Need Help and Advice Desparately


#1

Now that I am here I am not even sure how to begin my story. I have spent the last 6 months researching mental illness on the web and have come to the conclusion that my ‘roommate’ is likely schizophrenic. You may ask ‘why not discuss it with her’…it is because even though she has been hospitalized twice for it she insists both times were a conspiracy and she is fine. We have become very good friends.

I have come to the point where I think her behavior is beginning to affect me mentally in multiple ways…I need some understanding as to how to deal with it.

In general she is a fun person…pretty easy to get along with and with all that is going on she is my very best friend. We spend alot of time together doing various things and so on…in fact as silly as it sounds…it is pretty much like we are married minus sex and a marriage license.

We began living together about 6 months ago. Her living arrangements were abusive and according to her she was being drugged and raped on a regular basis by her ‘roommate’ at the time. So me being someone naive and wanting to help offered that she could stay with me. She basically had nowhere to go…so her choices were either getting raped or being homeless.

The reasons I think she is schizophrenic are as follows:

She has an intense paranoia that there are various government and non-government entities after her. She regularly talks about ways that the government watches and controls us. She believes in the Illuminati controlling the world and so on.

She believes there are aliens and UFOs under the arctic circles. She has seen UFOs and aliens. The other night she showed me scars over her pubic bone where aliens had harvested eggs from her.

She swears that she regularly sees 3 ‘beings’ in my house and is able to describe them. I know she sees other things but does not tell me as it upsets me.

I have found out that she at one time practiced witchcraft primarily to ‘defend herself against other witches’. She believes that my ex-wife and her friends are witches and have portals into my house through which they affect our lives. She now claims to be very religious and ‘Walks with Jesus’ and reads the bible a lot.

She has said that at 2 times in her life her house has been broken into but cannot say who it was and terrorized her…I suspect that both times it was for a forced hospitalization.

She is a loner and has no real friends but she is very charming when meeting people and seems to do well socially. I suspect though that this does not last long for her until things get odd and she backs off.

She has really no motivation to better her life. She has gone as many as 6 days without a bath and in the same clothes. She has issues doing basic household chores. She plans to do many things that never materialize. Her boxes of possessions have been sitting in my living room for the last 6 months exactly as they arrived except for those containing clothes. Sometimes she will sleep for 30-40 hours straight.

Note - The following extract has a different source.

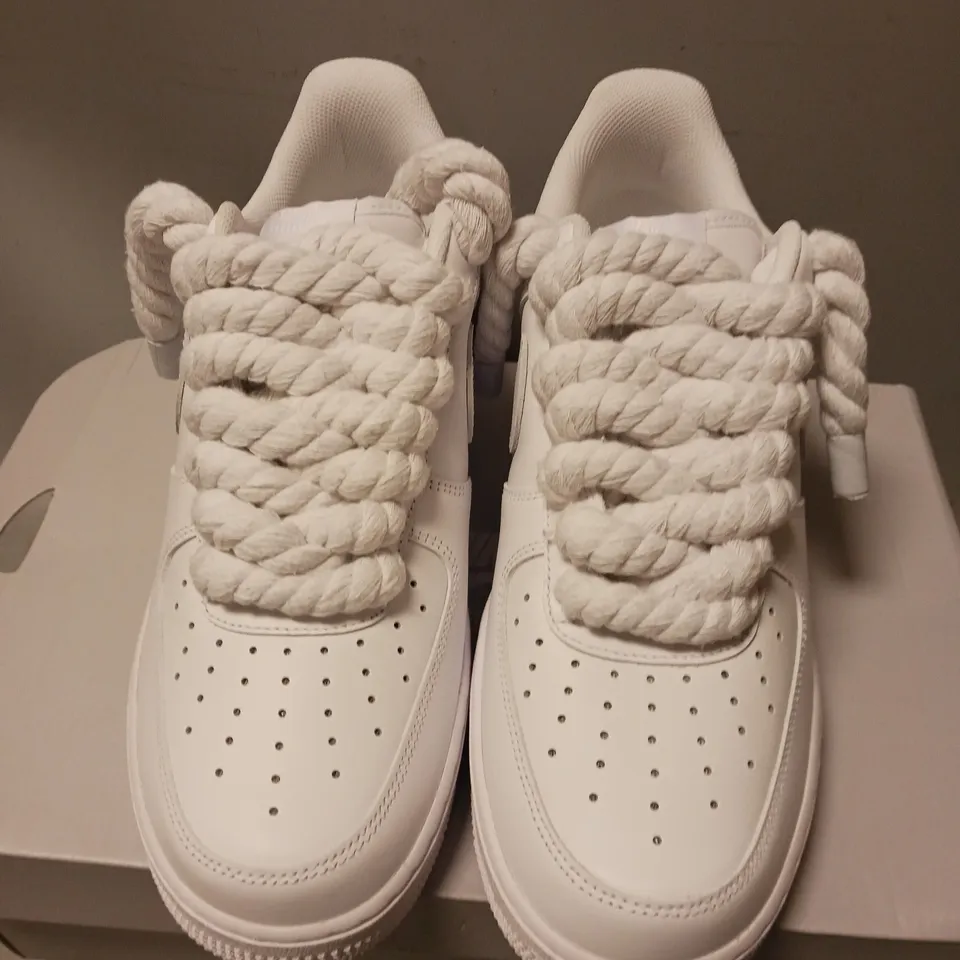 BOXED PAIR OF NIKE AIR FORCE 1 '07 TRAINERS, WHITE - UK SIZE 8.5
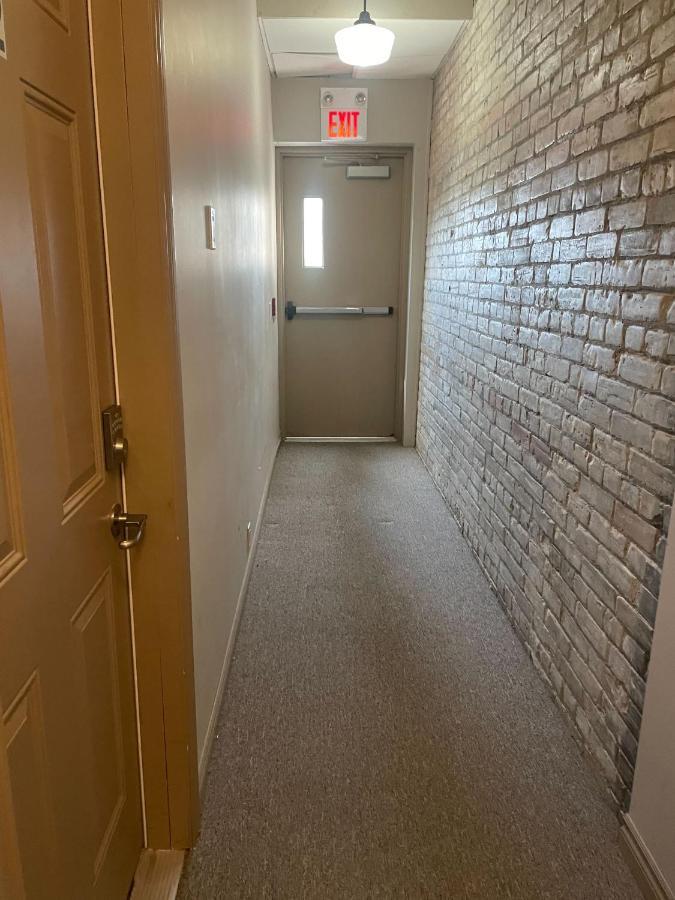 Wellington Street Inn By Hoco Hotels Collection Stratford Exterior photo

She has plans to buy a Winnebago and travel the country picking up odd jobs for money. I have no doubt that if she does this she will soon be homeless and likely run into some sort of trouble.

She had a terrible childhood from age 4 till the present…she is now 41. She was abused as a child, divorced her parents at 16, lived on the street for some time, dealt drugs to supplement her income from many many different jobs. Been abused by whatever man was with her at the time and much more.

When she drinks I cannot stop her…she drinks to the point of no return and then we get into a conversation where her house was broken into and something happened and they are looking for her and all that. It is impossible to break her out of the conversation…she stares straight ahead and talks endlessly about it without detail.

There is more that I cannot remember at the moment. But the bottom line is that at the present she is in a stable and loving environment. From what I can tell she has never been safer than she is now.

The thing is that all this is affecting me emotionally and I am getting worse. I need to understand what is going on, how to deal with it and how to help her.

Thanks


#2

First off, you are a good friend!

Secondly, it takes a doctor, or psychiatrist to diagnose Sz. Is there any chance of you getting her to go to a doctor?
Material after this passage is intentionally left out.